====== RECORDED DATA ======

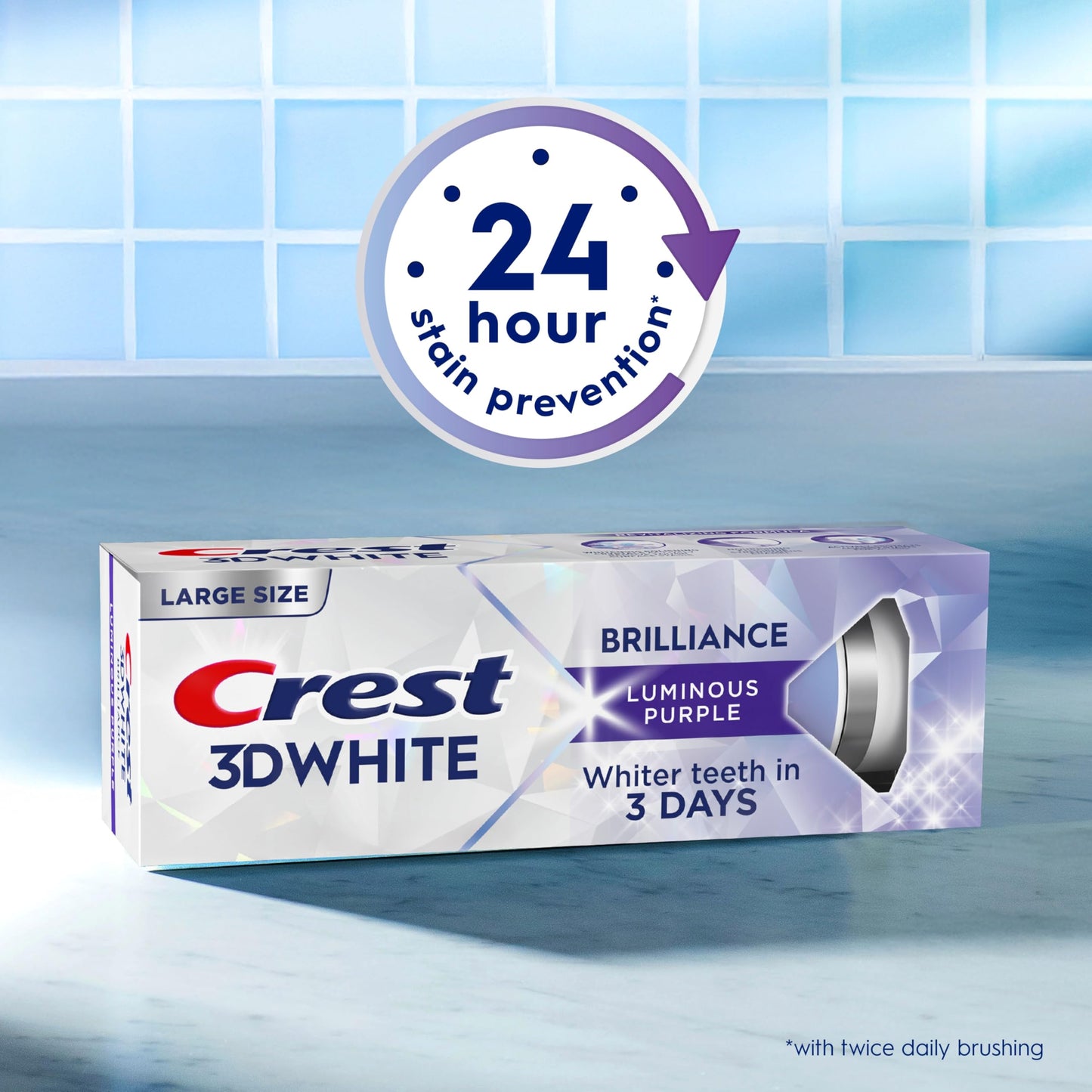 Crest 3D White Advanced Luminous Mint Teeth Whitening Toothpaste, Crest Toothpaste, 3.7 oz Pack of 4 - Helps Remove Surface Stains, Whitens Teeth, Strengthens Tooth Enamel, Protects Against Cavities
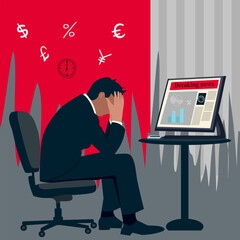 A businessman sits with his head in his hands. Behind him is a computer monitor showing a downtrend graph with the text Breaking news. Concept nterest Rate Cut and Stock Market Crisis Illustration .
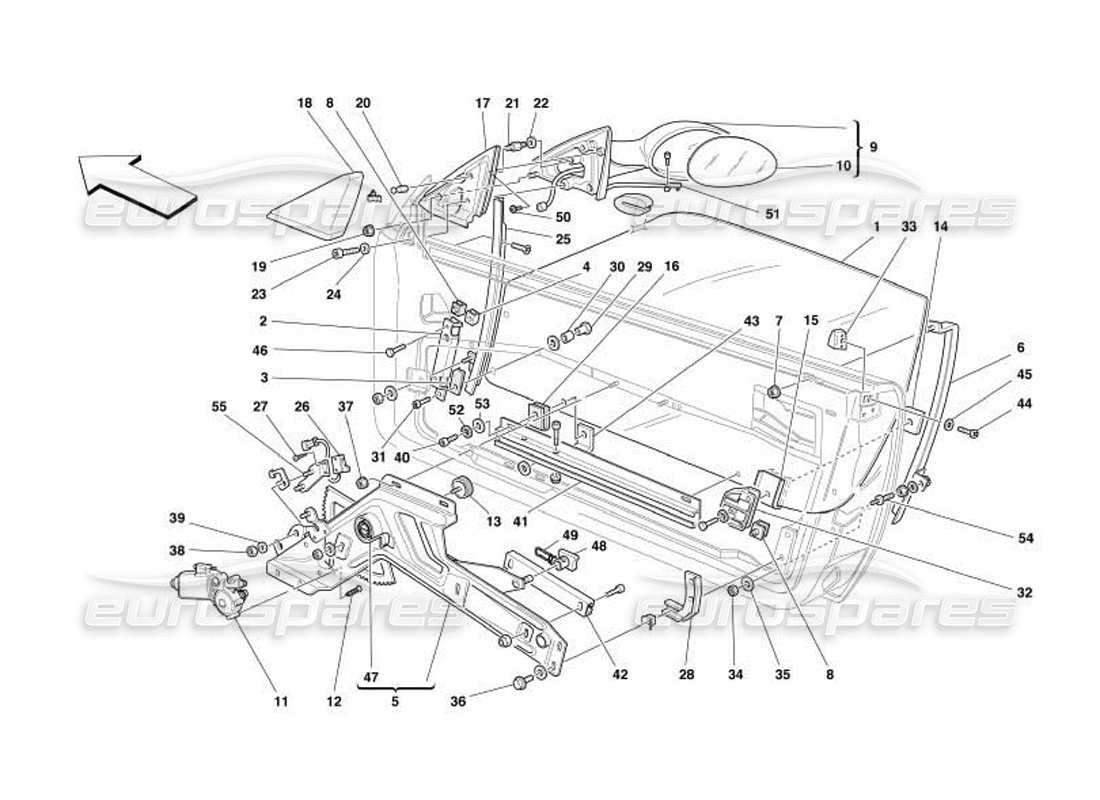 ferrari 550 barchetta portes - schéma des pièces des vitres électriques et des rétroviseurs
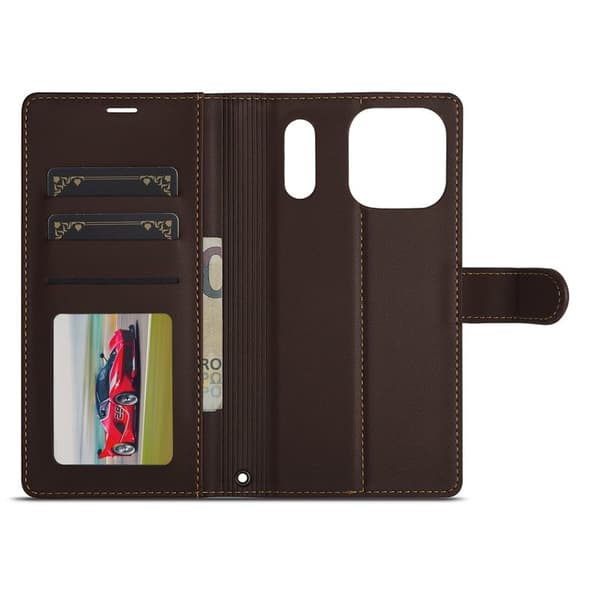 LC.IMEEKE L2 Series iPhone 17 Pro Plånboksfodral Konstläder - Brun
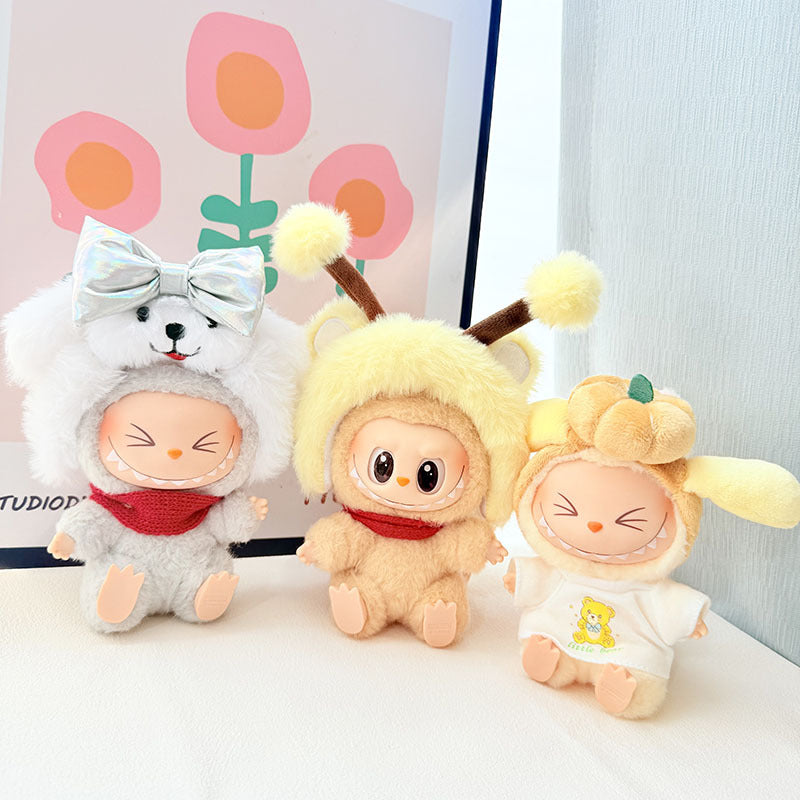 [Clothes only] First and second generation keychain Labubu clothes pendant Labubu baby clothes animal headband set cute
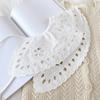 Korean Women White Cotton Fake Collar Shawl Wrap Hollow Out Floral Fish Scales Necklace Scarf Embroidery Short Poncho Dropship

======

▶ _EXERCISE BRIEF_: Exact copy, pictures excluded: repeat the lines from the top of the material through the line with "[Clothes only] First".

▶ _TASK ANSWER_:
 Crest 3D White Advanced Luminous Mint Teeth Whitening Toothpaste, Crest Toothpaste, 3.7 oz Pack of 4 - Helps Remove Surface Stains, Whitens Teeth, Strengthens Tooth Enamel, Protects Against Cavities
 A businessman sits with his head in his hands. Behind him is a computer monitor showing a downtrend graph with the text Breaking news. Concept nterest Rate Cut and Stock Market Crisis Illustration .
 ferrari 550 barchetta portes - schéma des pièces des vitres électriques et des rétroviseurs
 LC.IMEEKE L2 Series iPhone 17 Pro Plånboksfodral Konstläder - Brun
 [Clothes only] First and second generation keychain Labubu clothes pendant Labubu baby clothes animal headband set cute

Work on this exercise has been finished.